Supplied data.
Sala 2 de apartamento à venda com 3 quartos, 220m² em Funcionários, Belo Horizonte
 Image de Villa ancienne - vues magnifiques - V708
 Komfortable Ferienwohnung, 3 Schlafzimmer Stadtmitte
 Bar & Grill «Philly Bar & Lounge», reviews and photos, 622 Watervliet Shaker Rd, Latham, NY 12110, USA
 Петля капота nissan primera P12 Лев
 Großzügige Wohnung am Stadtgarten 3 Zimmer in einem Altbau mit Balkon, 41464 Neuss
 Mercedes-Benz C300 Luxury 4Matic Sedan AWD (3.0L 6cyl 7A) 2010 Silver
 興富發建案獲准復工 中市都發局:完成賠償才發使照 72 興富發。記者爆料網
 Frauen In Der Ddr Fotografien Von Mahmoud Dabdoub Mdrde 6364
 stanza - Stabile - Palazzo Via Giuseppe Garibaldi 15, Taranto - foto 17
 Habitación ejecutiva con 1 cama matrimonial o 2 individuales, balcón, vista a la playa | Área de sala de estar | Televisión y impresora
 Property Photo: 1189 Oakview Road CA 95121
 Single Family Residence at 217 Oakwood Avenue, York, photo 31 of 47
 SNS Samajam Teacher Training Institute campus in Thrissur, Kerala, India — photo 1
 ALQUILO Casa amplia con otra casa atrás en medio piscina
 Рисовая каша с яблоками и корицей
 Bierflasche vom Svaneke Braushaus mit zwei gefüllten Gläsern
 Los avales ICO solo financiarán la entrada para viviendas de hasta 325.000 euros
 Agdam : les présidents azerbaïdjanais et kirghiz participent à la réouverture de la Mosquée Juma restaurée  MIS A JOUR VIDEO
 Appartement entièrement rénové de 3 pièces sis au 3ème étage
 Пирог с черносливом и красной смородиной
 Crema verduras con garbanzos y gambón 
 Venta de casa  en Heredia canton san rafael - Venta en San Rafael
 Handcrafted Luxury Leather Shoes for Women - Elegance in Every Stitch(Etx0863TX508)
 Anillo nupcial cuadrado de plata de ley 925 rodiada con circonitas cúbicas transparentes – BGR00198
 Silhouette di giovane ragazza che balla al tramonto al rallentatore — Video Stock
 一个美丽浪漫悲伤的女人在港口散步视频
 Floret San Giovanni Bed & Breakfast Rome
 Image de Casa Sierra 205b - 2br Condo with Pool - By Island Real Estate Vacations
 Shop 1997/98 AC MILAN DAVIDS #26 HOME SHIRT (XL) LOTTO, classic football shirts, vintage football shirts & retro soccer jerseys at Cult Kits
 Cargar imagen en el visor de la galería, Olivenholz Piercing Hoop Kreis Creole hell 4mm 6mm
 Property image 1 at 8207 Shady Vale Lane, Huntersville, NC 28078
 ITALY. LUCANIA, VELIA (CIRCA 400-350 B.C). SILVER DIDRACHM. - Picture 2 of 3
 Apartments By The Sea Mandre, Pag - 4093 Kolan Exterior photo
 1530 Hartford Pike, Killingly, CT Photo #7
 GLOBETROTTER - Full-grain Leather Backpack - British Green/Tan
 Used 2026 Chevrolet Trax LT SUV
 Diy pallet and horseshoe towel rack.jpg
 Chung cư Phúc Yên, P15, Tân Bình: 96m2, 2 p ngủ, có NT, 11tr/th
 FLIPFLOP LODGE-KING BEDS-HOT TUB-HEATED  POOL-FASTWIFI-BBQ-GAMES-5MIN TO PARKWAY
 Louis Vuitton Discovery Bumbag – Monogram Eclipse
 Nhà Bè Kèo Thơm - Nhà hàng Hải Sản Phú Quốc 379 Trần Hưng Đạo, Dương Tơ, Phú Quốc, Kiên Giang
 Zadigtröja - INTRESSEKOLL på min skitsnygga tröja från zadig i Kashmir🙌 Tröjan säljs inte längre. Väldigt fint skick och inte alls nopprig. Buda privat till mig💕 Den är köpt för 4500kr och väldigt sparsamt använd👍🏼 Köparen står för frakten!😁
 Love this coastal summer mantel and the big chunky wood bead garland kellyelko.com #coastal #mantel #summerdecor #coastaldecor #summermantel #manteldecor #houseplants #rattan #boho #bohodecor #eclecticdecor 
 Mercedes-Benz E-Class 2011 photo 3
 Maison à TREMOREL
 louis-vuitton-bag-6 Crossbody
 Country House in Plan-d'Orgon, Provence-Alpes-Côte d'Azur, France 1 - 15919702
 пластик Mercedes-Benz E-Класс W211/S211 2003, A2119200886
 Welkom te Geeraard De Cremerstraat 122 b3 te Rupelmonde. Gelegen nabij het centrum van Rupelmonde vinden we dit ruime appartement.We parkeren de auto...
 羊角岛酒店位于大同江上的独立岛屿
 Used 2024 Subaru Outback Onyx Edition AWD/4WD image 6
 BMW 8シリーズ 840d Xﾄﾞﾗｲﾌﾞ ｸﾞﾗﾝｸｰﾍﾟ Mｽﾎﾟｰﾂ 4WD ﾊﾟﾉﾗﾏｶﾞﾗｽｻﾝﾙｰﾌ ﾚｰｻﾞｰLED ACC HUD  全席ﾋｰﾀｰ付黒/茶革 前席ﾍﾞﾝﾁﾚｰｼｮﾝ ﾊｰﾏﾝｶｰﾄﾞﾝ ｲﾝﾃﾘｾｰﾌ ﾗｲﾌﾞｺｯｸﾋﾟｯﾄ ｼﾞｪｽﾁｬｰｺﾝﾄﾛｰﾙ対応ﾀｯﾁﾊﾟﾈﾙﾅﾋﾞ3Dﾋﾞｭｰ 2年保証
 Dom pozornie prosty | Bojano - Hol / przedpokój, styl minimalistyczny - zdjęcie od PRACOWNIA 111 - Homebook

Task item. Copy the stretch of the records above that runs from the line with "Cargar imagen en" through the line with "Zadigtröja - INTRESSEKOLL". Both end lines belong in the copy, and nothing else does.

Answer below.
 Cargar imagen en el visor de la galería, Olivenholz Piercing Hoop Kreis Creole hell 4mm 6mm
 Property image 1 at 8207 Shady Vale Lane, Huntersville, NC 28078
 ITALY. LUCANIA, VELIA (CIRCA 400-350 B.C). SILVER DIDRACHM. - Picture 2 of 3
 Apartments By The Sea Mandre, Pag - 4093 Kolan Exterior photo
 1530 Hartford Pike, Killingly, CT Photo #7
 GLOBETROTTER - Full-grain Leather Backpack - British Green/Tan
 Used 2026 Chevrolet Trax LT SUV
 Diy pallet and horseshoe towel rack.jpg
 Chung cư Phúc Yên, P15, Tân Bình: 96m2, 2 p ngủ, có NT, 11tr/th
 FLIPFLOP LODGE-KING BEDS-HOT TUB-HEATED  POOL-FASTWIFI-BBQ-GAMES-5MIN TO PARKWAY
 Louis Vuitton Discovery Bumbag – Monogram Eclipse
 Nhà Bè Kèo Thơm - Nhà hàng Hải Sản Phú Quốc 379 Trần Hưng Đạo, Dương Tơ, Phú Quốc, Kiên Giang
 Zadigtröja - INTRESSEKOLL på min skitsnygga tröja från zadig i Kashmir🙌 Tröjan säljs inte längre. Väldigt fint skick och inte alls nopprig. Buda privat till mig💕 Den är köpt för 4500kr och väldigt sparsamt använd👍🏼 Köparen står för frakten!😁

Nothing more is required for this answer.